RADNOR, PENNSYLVANIA - August 6, 2015 - Niska Gas
Storage Partners LLC (NYSE:NKA) ("Niska" or "the Company") reported
today its financial results for the three months ended June 30,
2015 and provided an update on its recently announced merger
transaction with Brookfield Infrastructure.
Financial Results
Niska's Adjusted EBITDA (as defined below) for the
quarter ended June 30, 2015 was $1.0 million, compared to $35.8
million for the quarter ended June 30, 2014. Cash Available
for Distribution was negative $11.3 million for the quarter
compared to positive $24.0 million in the quarter ended June 30,
2014. Niska's net loss for the quarter ended June 30, 2015
was $37.4 million ($0.97 per common unit), compared to a net loss
of $19.0 million ($0.52 per common unit) for the quarter ended June
30, 2014.
Adjusted EBITDA and Cash Available for
Distribution for the fiscal quarters ended June 30, 2015 and June
30, 2014 include benefits from previous inventory write-downs of
$22.7 million and $4.3 million, respectively. Results for the prior
year fiscal quarter ended June 30, 2014 include the previously
disclosed one-time recognition of $26.0 million in revenues related
to the termination and renegotiation of a long-term contract with
TransCanada Gas Storage Partnership, Niska's largest volumetric
customer.
The Company's Fixed Charge Coverage Ratio
("FCCR"), which is included in its debt agreements and measures
Adjusted EBITDA compared to fixed charges (substantially all of
which is interest expense), was 0.6 to 1.0 for the quarter ended
June 30, 2015. When the fixed charge coverage ratio is below 1.1 to
1.0, the Company is unable to borrow the last 15% of availability
under the revolving credit facility.
Merger Transaction
On June 14, 2015, the Company announced that it
and its managing member, Niska Gas Storage Management LLC, had
entered into a definitive agreement to be acquired by Brookfield
Infrastructure and its institutional partners ("Brookfield").
Brookfield will acquire all of Niska's outstanding common units for
$4.225 per common unit in cash and will acquire the managing member
and the incentive distribution rights in Niska. The closing of the
transaction is expected to occur in the second half of calendar
2016 and is subject to customary closing conditions and regulatory
approvals. A period provided for in the agreement for unsolicited
consideration of alternative acquisition proposals expired on July
29, 2015.
On July 28, 2015, the Company entered into a
definitive agreement whereby Brookfield committed to lend up to
$50.0 million to Niska under a short term credit facility to be
used for working capital purposes. The credit facility is
guaranteed by a subsidiary of the Carlyle/Riverstone Funds and is
subordinated to the Company's existing Senior Notes and $400.0
million credit agreement. The Company filed on 8-K on July 31, 2015
outlining the definitive terms of the agreement.

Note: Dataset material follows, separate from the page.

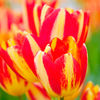 Tulip Bulbs - Multi-headed Collection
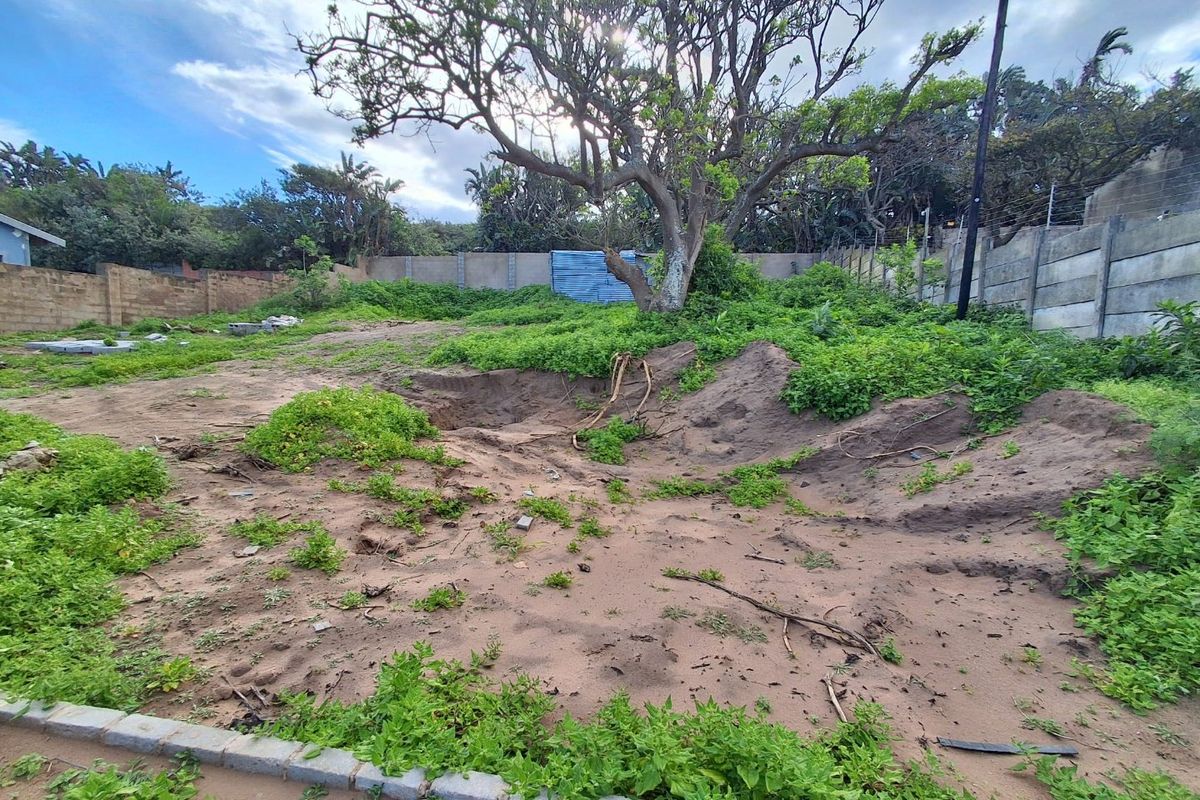 A vacant residential plot featuring a mature tree, perimeter walling, and uneven, overgrown ground requiring clearing and landscaping.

The Company has also initiated various regulatory
approval processes, including:
-
Customary filings required under the Canadian
Competition Act;
-
Hart Scott Rodino Act filings; and
-
An application to the California Public
Utilities Commission in support of the regulatory approval needed
to transfer ownership of the Wild Goose facility.
Distribution
The Company has agreed not to make earnings
distributions until the earlier of the date of closing or
termination of the merger transaction. Accordingly, no distribution
will be paid with respect to the fiscal quarter ended June 30,
2015.
Form 10-Q
A copy of the Company's current Form 10-Q can be
found on Niska's website, www.niskapartners.com under "Investor
Center-SEC Filings." Niska unitholders may receive hard
copies of these documents free of charge upon request by emailing
ir@niskapartners.com or by calling 403-513-8650.
About Niska
Niska is a growth-oriented midstream natural gas
services provider with operations focused on owning, operating,
developing and acquiring midstream energy assets in the United
States and Canada. The Company is currently the largest
independent owner and operator of natural gas storage in North
America, with strategically located assets in key natural gas
producing and consuming regions. Niska owns and operates
three natural gas storage facilities, including the AECO
HubTM in Alberta,
Canada; Wild Goose in California; and Salt Plains in Oklahoma. The
Company also contracts for natural gas storage capacity in the U.S.
Mid-continent.
Forward Looking
Statements
This press release includes "forward-looking
statements" - that is, statements related to future, not past,
events. Forward-looking statements are based on current
expectations and include any statement that does not directly
relate to a current or historical fact. In this context,
forward-looking statements often address our expected future
business and financial performance, and often contain words such as
"anticipate," "believe," "intend," "expect," "plan," "will" or
other similar words. These forward-looking statements involve
certain risks and uncertainties that ultimately may not prove to be
accurate. Among these risks and uncertainties are (1) changes
in general economic conditions; (2) our level of exposure to the
market value of natural gas storage services which could adversely
affect our revenues and cash available to make distributions; (3)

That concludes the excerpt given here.